**Your instructions:** Excluding pictures, reproduce word for word the lines from the one containing "image for item FB3437 2006 Ford E350 van" through the end of the material below.

**Records for the exercise:**
☆ ☆ ☆ ☆ ☆ ☆ ☆
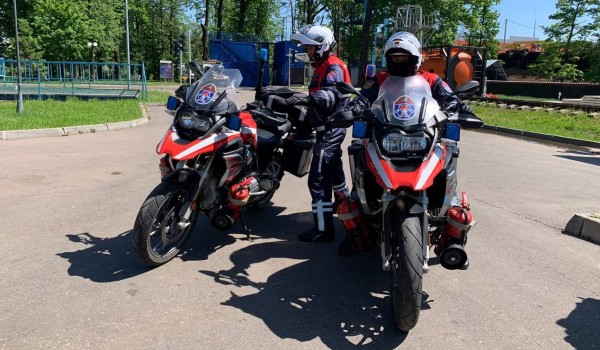 Почти 380 выездов совершили спасатели на мотоциклах с начала года в Москве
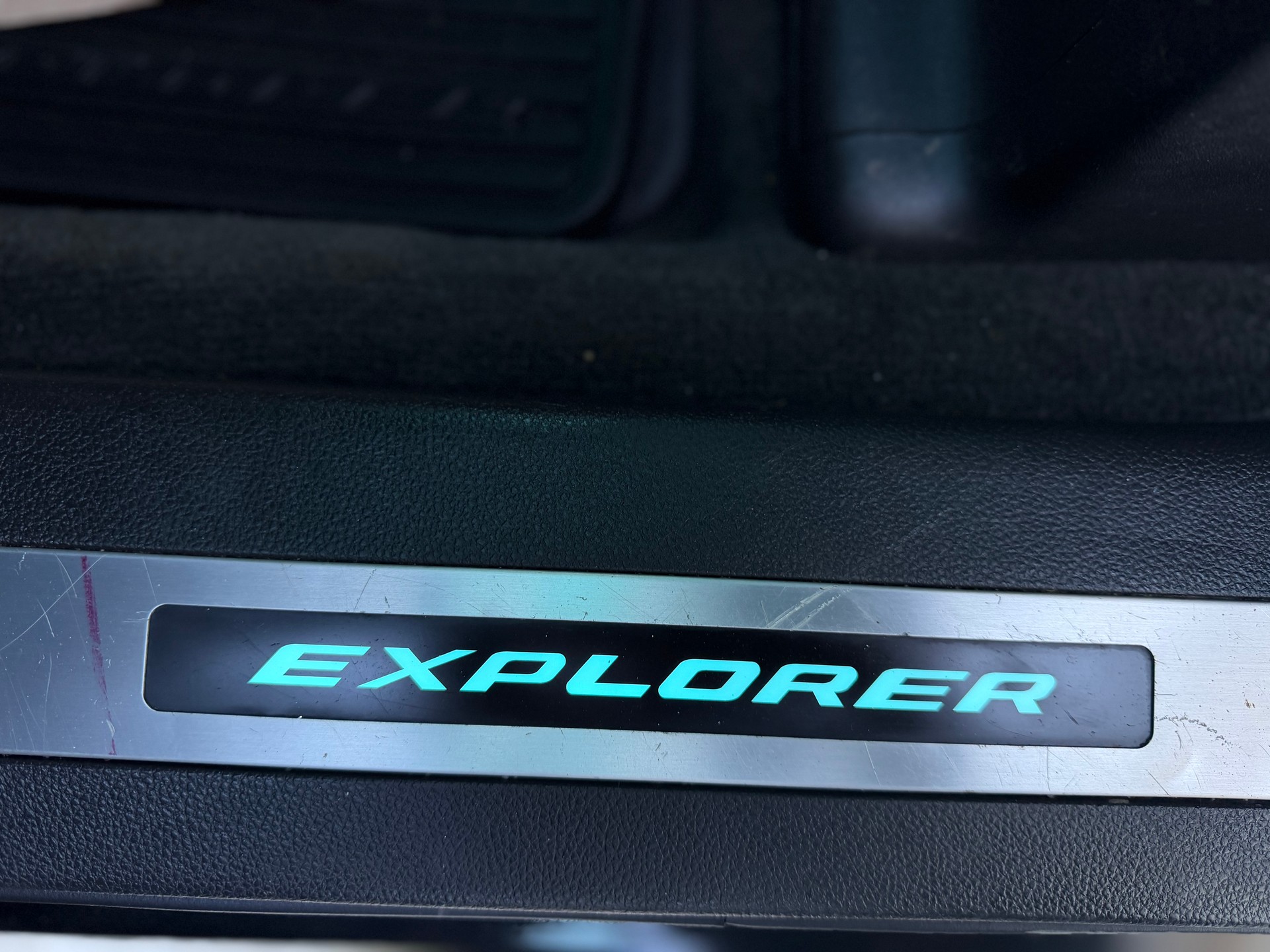 FORD Explorer Sport-image-22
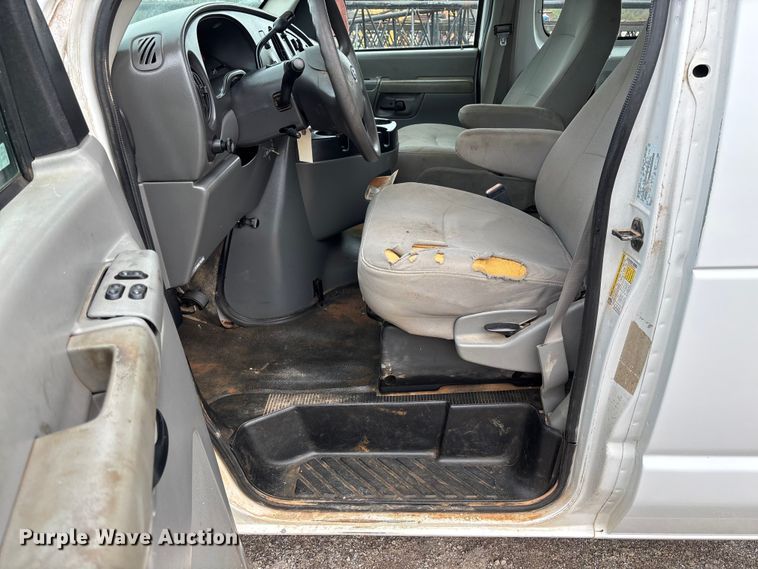 image for item FB3437 2006 Ford E350 van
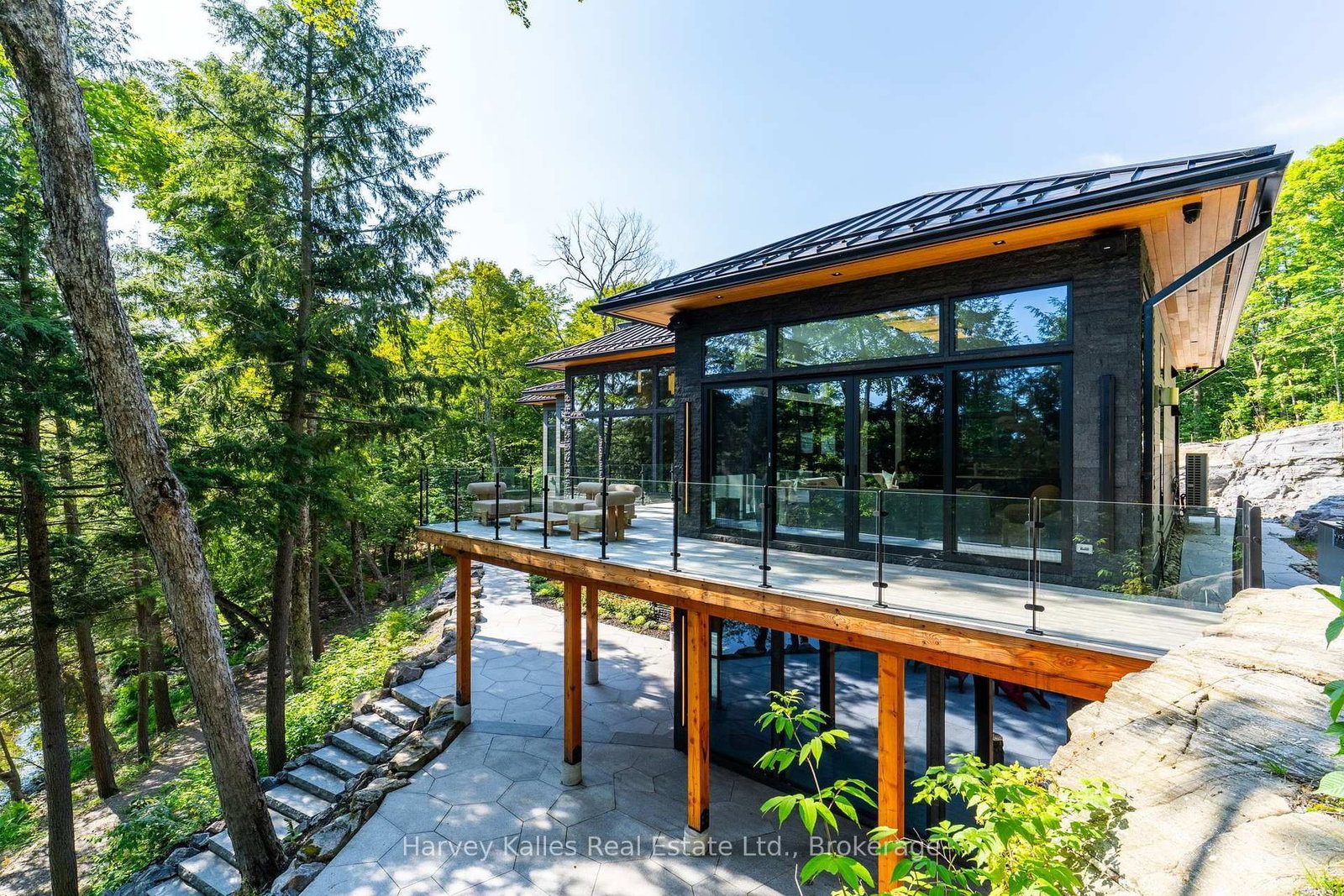 1013 Halls Road • #2 • Muskoka Lakes, ON photo 21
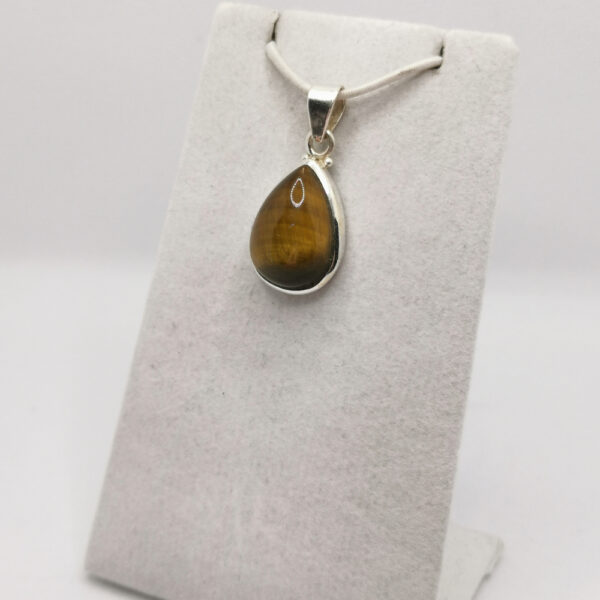 Pendants - Tiger eye stones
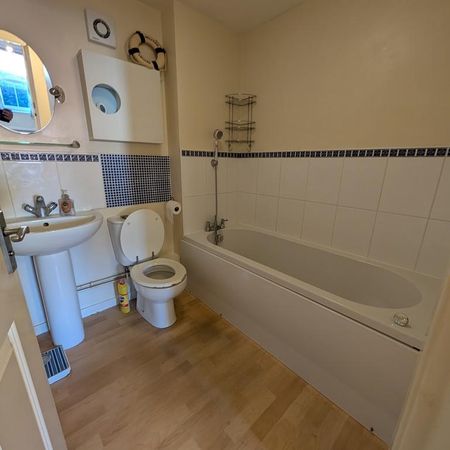 1 bedroom ground floor flat to rent - Photo 3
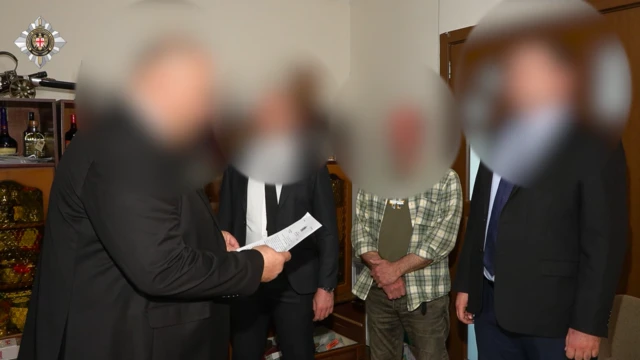 Скриншот видеокадров СГБ на которых трое сотрудников СГБ задерживают журналиста Ираклия Чихладзе. Лица скрыты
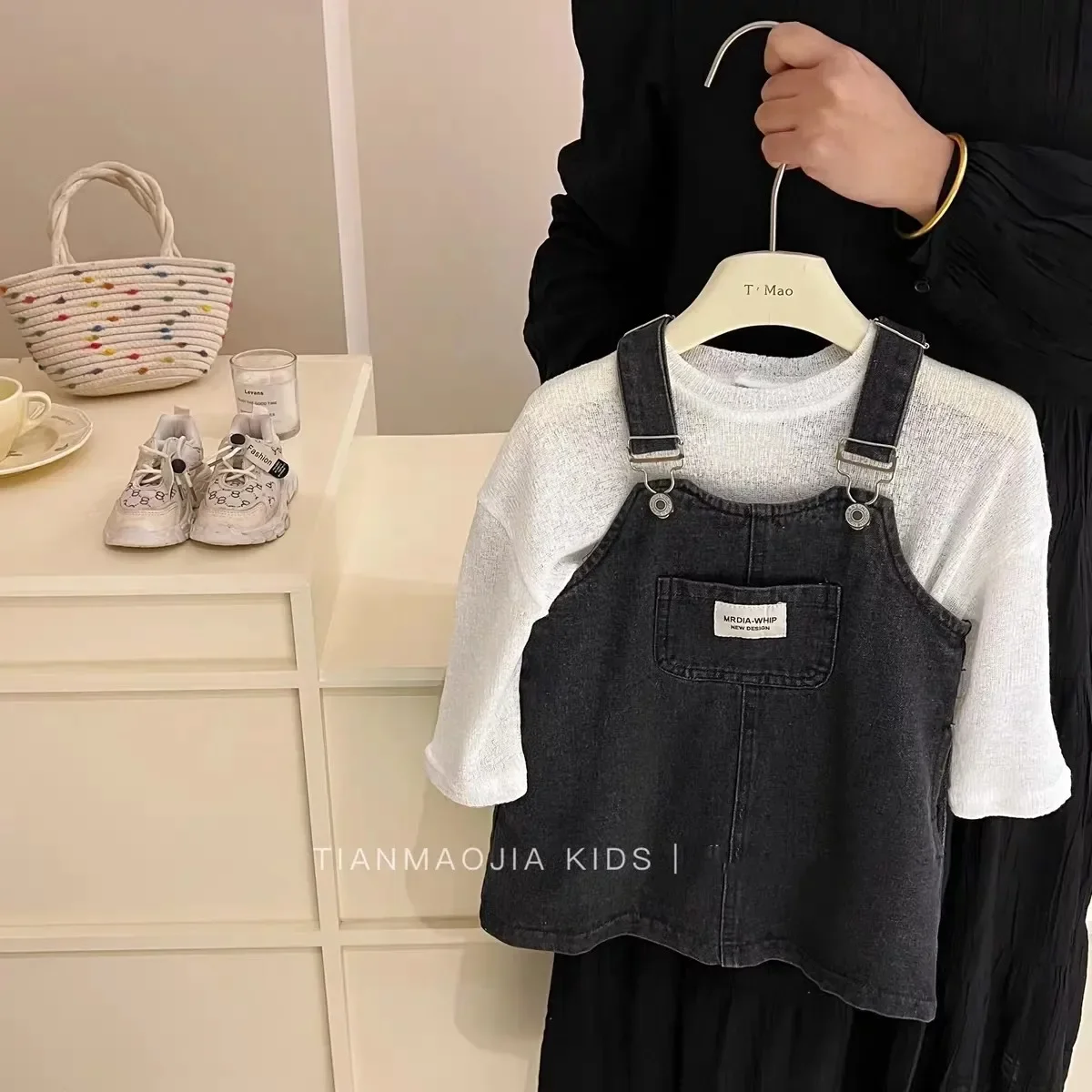 

2026 New Spring and Autumn Girls' Clothing Set Large Pocket Cowboy Strap Skirt Loose and Stylish Versatile Children's Skirt Set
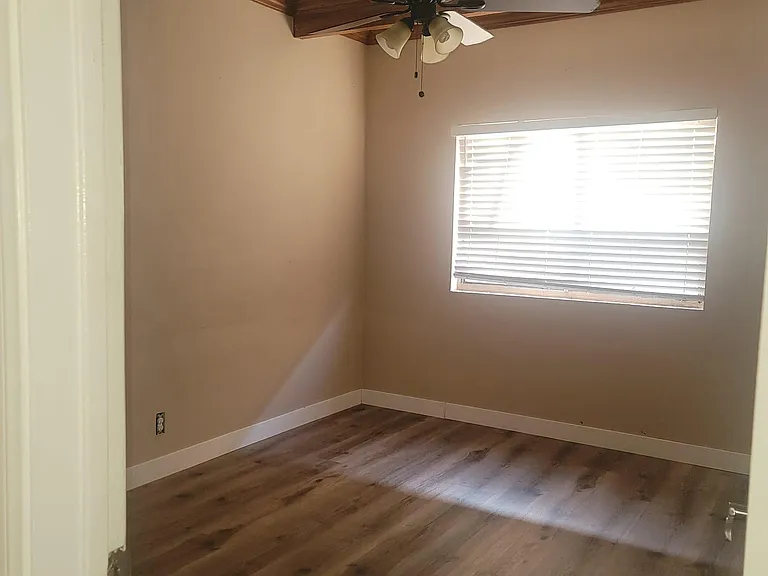 963 N Harvard Blvd #3A — Photo 7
☆ ☆ ☆ ☆ ☆ ☆ ☆
**Exercise result:**
 image for item FB3437 2006 Ford E350 van
 1013 Halls Road • #2 • Muskoka Lakes, ON photo 21
 Pendants - Tiger eye stones
 1 bedroom ground floor flat to rent - Photo 3
 Скриншот видеокадров СГБ на которых трое сотрудников СГБ задерживают журналиста Ираклия Чихладзе. Лица скрыты

2026 New Spring and Autumn Girls' Clothing Set Large Pocket Cowboy Strap Skirt Loose and Stylish Versatile Children's Skirt Set
 963 N Harvard Blvd #3A — Photo 7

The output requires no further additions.